In that respect, I was luckier than Daniel. I thought of my own mother smiling as she leaned to kiss me, the fur collar of her coat, her red lips. Her hair was swept back from her head, a blonde wave. She was wearing gold earrings. I wondered, for the briefest moment, if she was happy, then put her from my mind.

‘Will you have another drink?’ Daniel asked.

‘I’d like to, but I’d better get back. Vivi has a friend staying over and Mrs Croucher is keeping Julia company so I can’t be late.’

‘Half an hour won’t hurt.’

‘I don’t like to leave Julia on her own. The doctor told me it’s not good for her.’

‘Perhaps she wants to be on her own.’

‘Even if she does, Dr Croucher said I’m not to leave her.’

Daniel said: ‘When animals are hurt, what they do as a rule is find somewhere quiet and dark and private, and they lay low until their wounds are healed.’

‘Time doesn’t seem to have helped your father.’

‘He dwells on the cards life has dealt him and the drink fills him with self-pity.
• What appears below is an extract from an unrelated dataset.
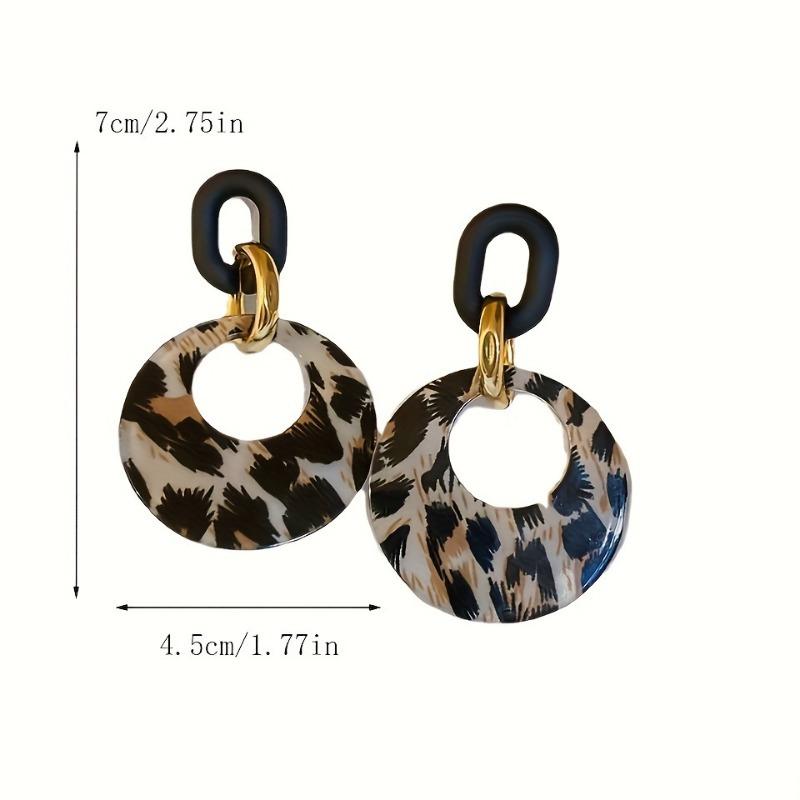 New Vintage Black Leopard Print Circle Drop Earrings For Women Trendy Acrylic Round Geometric Dangle Earrings Jewelry Gifts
I’m sure Julia isn’t like that. Give her the space to mend herself and things will soon begin to get better.’

‘Do you think so?’

‘Yes.’ He placed his hand over mine. ‘Do you really have to go?’

‘I’m afraid so.’

‘Then I’ll come with you. I’ll walk you home.’

He helped me into my coat, and we left the warmth of the pub and set off once again, into the night. Daniel took my hand and put it in the pocket of his jacket. He held it warm inside his own hand. I wished all of me would fit into that pocket.

‘When will I see you again?’ he asked as we walked.

‘Whenever you like.’

‘On Christmas Eve my father always hosts a party for the village before the midnight mass. It’s tradition. Do you know the house – Fairlawn?’

‘The big one by the lake?’

‘That’s the one. Everyone will be there. If you were to come down, I could slip away and meet you outside. I could show you where I live.’

‘You mean I can’t come to the party?’

‘I’m afraid you can’t.’

‘I don’t suppose I would be welcome in your father’s house.’

‘Never mind my father. This is my invitation to you. I want you to myself. I want to show you my home.’

‘All right.’

‘Wait by the pillars outside Fairlawn at eight o’clock. I’ll come and find you.’

‘By the pillars?’

‘Do you mind? It won’t always be like this.’

‘I don’t mind.’ I smiled.

We walked on until we reached the cottages. The lights wound round a small, artificial tree were twinkling in the window of the Crouchers’ cottage, but Reservoir Cottage was as dark and self-contained as always.

‘Don’t you celebrate Christmas?’ Daniel asked.

‘We couldn’t find any decorations.’

‘That’s a shame. But then old Mrs Cummings wasn’t much of a one for Christmas.’

‘You knew her?’

‘Not really. She hardly ever left the cottage but when I was up here doing jobs for the Crouchers, she used to watch me from the windows. I would wave to her and she would wave back.’